The girl’s fingers flexed. Her hand began to lift—and then in one smooth motion, she had drawn the knife that hung from his master’s belt.

In the next moment, she ducked out of his arms. She rammed the knife between her ribs, straight into her heart.

Paris’s chest ached. He knew the peculiar pain of that stroke, even though now he was glad his master had inflicted it on him.

His master’s cry ripped through Paris’s mind, tore him apart. He had never heard grief like that before, felt grief like that before.

“No,” said his master, falling to his knees before the girl, “no.”

She stared at him expressionlessly. The knife sat buried between her ribs, and black blood welled up around the blade, but she did not fall.

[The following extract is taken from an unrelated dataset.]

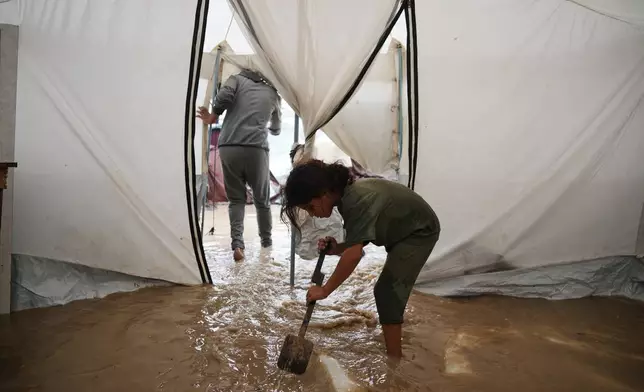 Saja Fayyad, 7, tries to clear water from her family's flooded tent at a temporary camp for displaced Palestinians after heavy rainfall in Deir al-Balah, central Gaza Strip, Tuesday, Nov. 25, 2025. (AP Photo/Abdel Kareem Hana)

She was living dead, like Paris, and their master’s power drove every pulse of her heart. Yet a knife driven straight through her heart should have killed her again, required her to be raised again, and Paris stared at her in puzzlement.

“I know what you need,” said his master. “I will give it to you.”

Slowly, gently, he pulled the knife free of her body.

“You know I can’t kill you,” he said. “Nobody can. But I’m almost ready.”

He pressed his lips to the wound and kissed it. Then he raised his face to her and said, black-lipped, “I only need a few more Night Games to gather my power. Then I’ll take the key, and open the gates of death, and you will be home. All the world will die, and you will finally know peace.”

The girl looked at him. In the cages, the revenants hissed and writhed.

She raised her hands to his cheeks, slid them into his hair. And then she bent down and kissed him, again and again.





9


LORD INEO WAS NOT PLEASED with either of them. But he was especially not pleased with Juliet.

“The Catresou breached our walls, killed five of our own people, and absconded with nearly seventeen prisoners.”

Juliet couldn’t see his face. She was kneeling, head bowed, staring at the ground. But she could hear the flat, clipped tone of his voice, and she could imagine the sour look on his face. It was almost amusing.

“I had believed that your mission was to protect us,” Lord Ineo went on. “Do you care to explain how this happened?”

His frustration wasn’t amusing, not when he had the power to kill her or make her kill in retribution. But it was still deeply satisfying.

“I killed the first ones I found,” she said, as meekly as she could. “Then I fought the next group, but before I could defeat them, Runajo summoned me to help her.”